"Children like my Daniel and Genna had sat in those very box
buildings under buzzing fluorescent lights listening to their science teachers
prattle about the wonders of space travel and gene splicing and how we were all
going to live to be a hundred and twenty five years old in 'smart'
computer-controlled houses where all we had to do was speak to bump up the heat
or turn on the giant home theater screens in a life of perpetual leisure and
comfort. It made me sick to think about it. Not because there's something
necessarily wrong with leisure or comfort, but because that's where our
aspirations ended. And in the face of what had happened to us, it seemed
obscenely stupid". pp. 33-34
In World Made by Hand,
James Howard Kunstler uses shades of gray to paint a portrait of small-town America after
Armageddon.
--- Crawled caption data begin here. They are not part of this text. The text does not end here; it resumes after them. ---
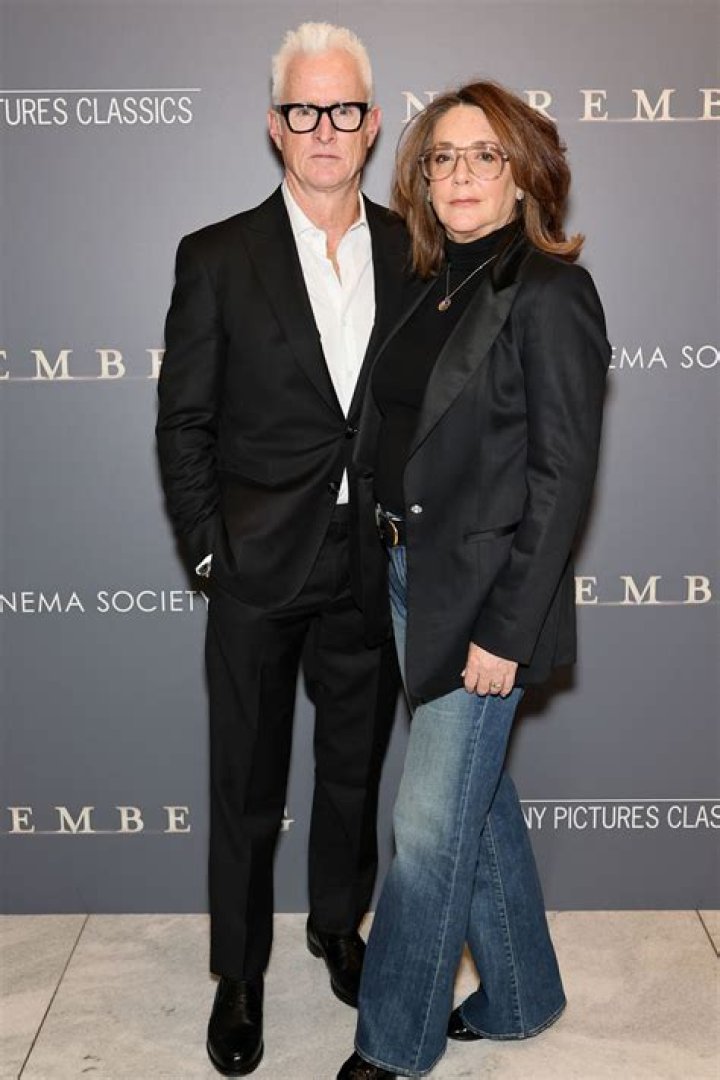 John Slattery – Biography, Wife (Talia Balsam), Net Worth and Son – Harry Slattery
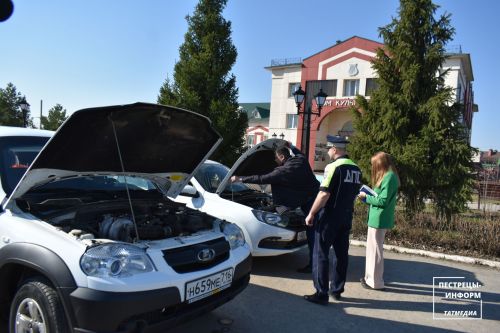 В Пестрецах проверили техническое состояние служебных машин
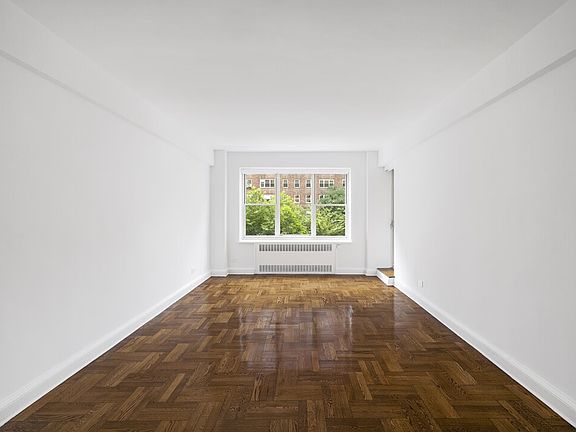 3rd image of 40 Park Ave APT 5C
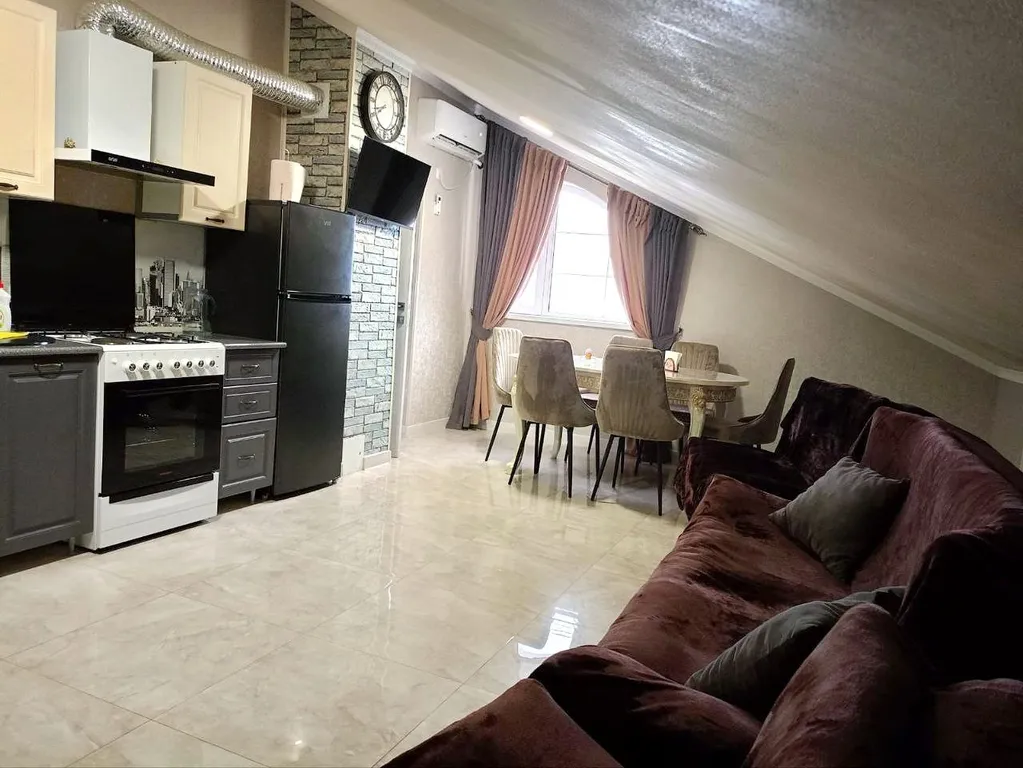 Квартира Квартира Уютная мансарда около моря — Сухум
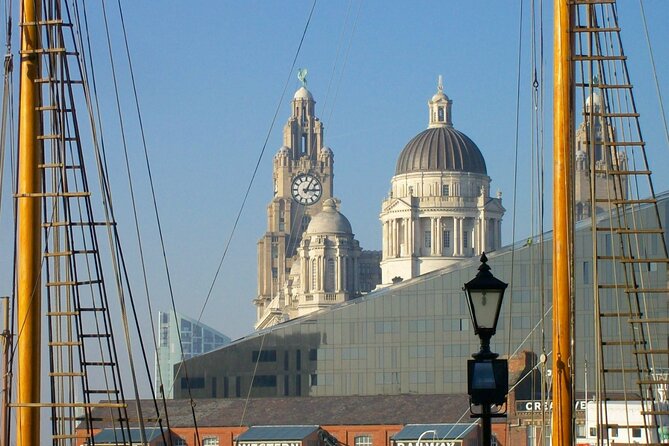 Welcome to Liverpool Tour - 2 Hour Private Walking Tour - Starting at Queen Victoria Monument on Derby Square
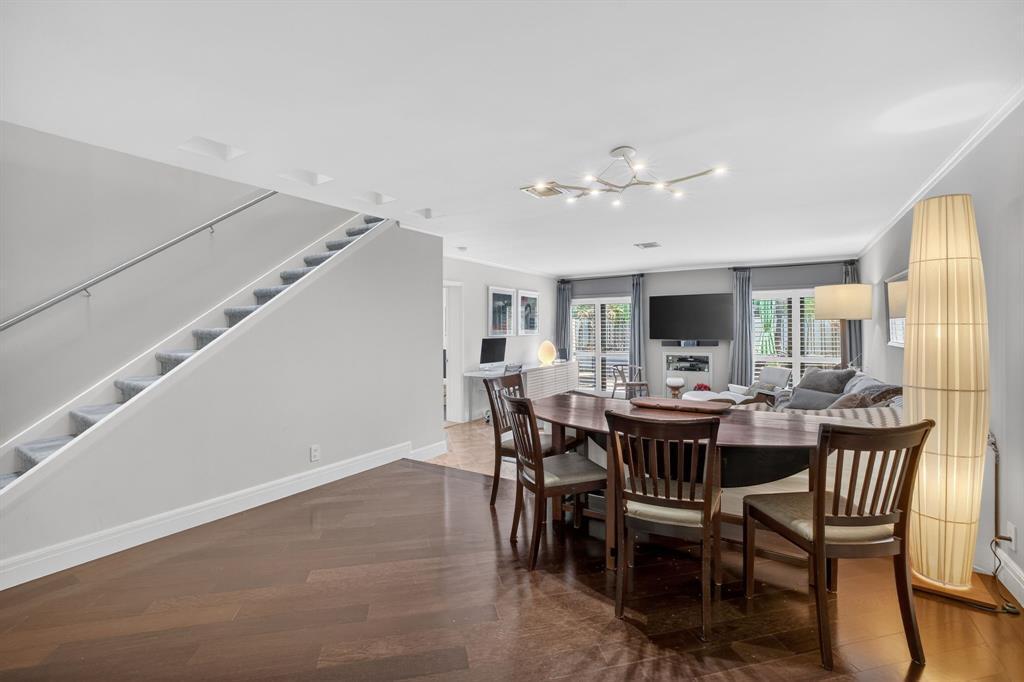 210 Washingtonia Ave, Lauderdale-By-The-Sea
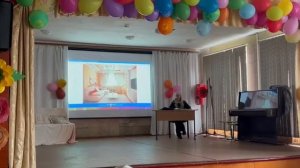 Праздничная сценка «Такая разная мама» на День матери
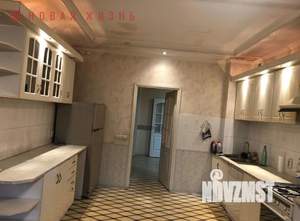 4-к квартира, вторичка, 186м2, 6/10 этаж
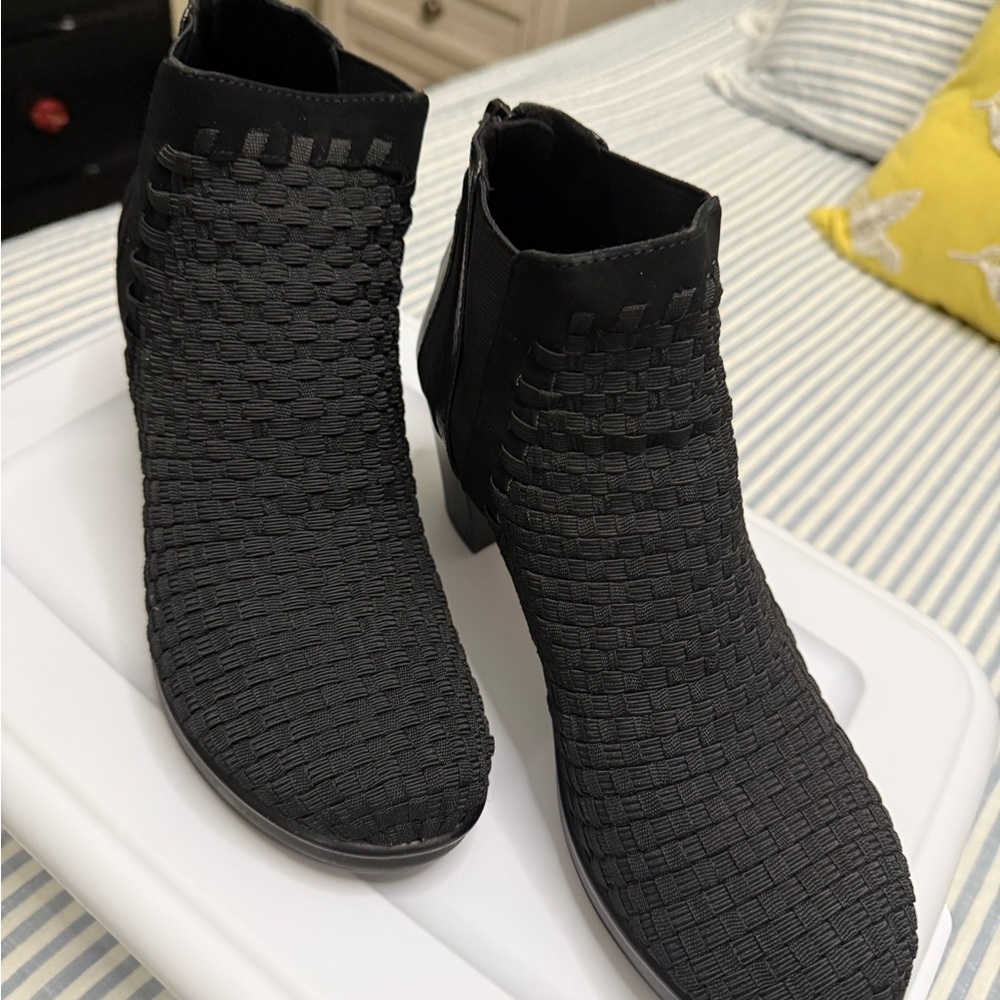 Black Woven Ankle Boots - Women - Picture 3 of 6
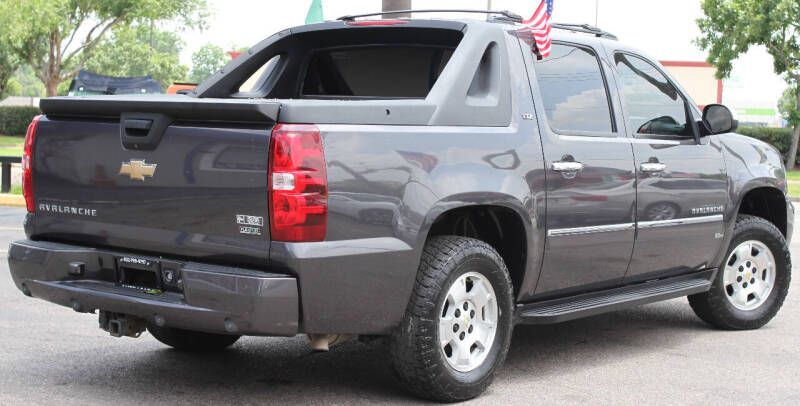 2011 Chevrolet Avalanche for sale at AUTO LEADS in Pasadena TX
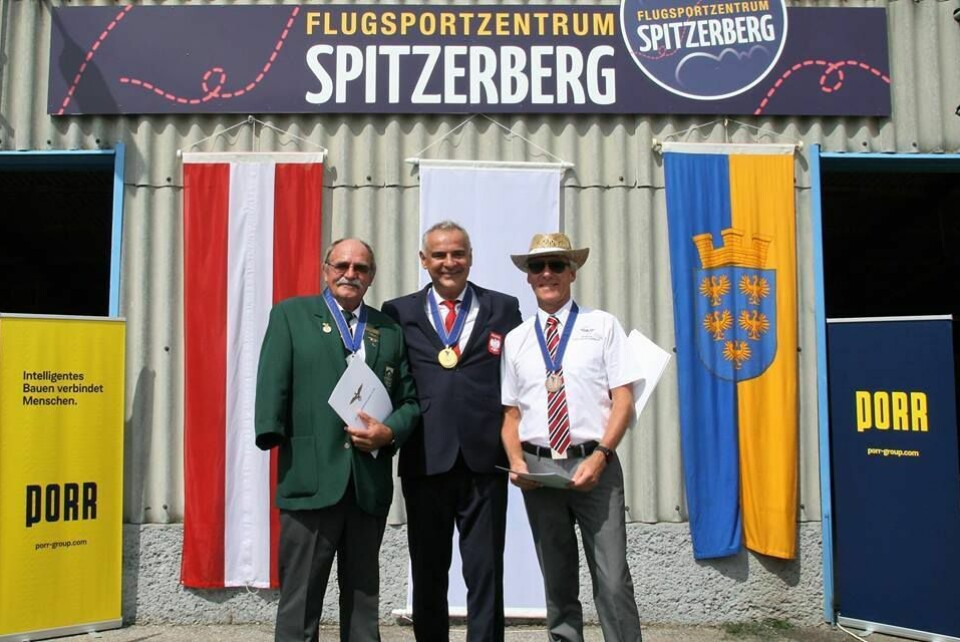 PÅ PALLEN: Ron Stirk fra SørAfrika (sølv), Krzysztof Skretowicz (gull) og Kurt Norevi (bronse). Norevik vant bronse i både både presisjonslandinger og navigasjon.. PÅ PALLEN: Ron Stirk fra SørAfrika (sølv), Krzysztof Skretowicz (gull) og Kurt Norevi (bronse). Norevik vant bronse i både både presisjonslandinger og navigasjon..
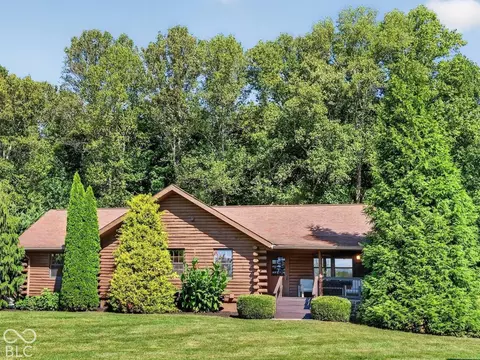 1272 Centerwood Dr, Martinsville, IN 46151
Set in Union Grove, New York, an upstate hamlet in rural Washington County,
World Made by Hand is far brighter
than the future imagined in either Cormac McCarthy's The Road or James Cameron's The
Terminator. Some residents, such as the leaders of Union Grove's four subcultures,
enjoy varying degrees of economic success, improved social status, or
spiritual growth. For others, such as those Union Grove residents who cling to a twentieth-century
past of plenty, Kunstler's world is a dark and desperate place.
Much as a good horror movie shrouds a killer or monster
during the film's earliest scenes, James Howard Kunstler keeps most of the
back-story to World Made by Hand off-stage.
The United States exists,
albeit only nominally, after losing Washington D.C. and Los
Angeles to nuclear attacks. Rioting in other cities, a
war in the Middle East, and an oil embargo
that dwarves those of the 1970s cripples what remains of the nation's economy. TV
stations go off the air, the electrical grid works sporadically, and roads
and bridges fall into disrepair. There are no newspapers and there is no mail. For the residents of a small-town in upstate New York, isolation from
the outside world is both a blessing and a break with the past.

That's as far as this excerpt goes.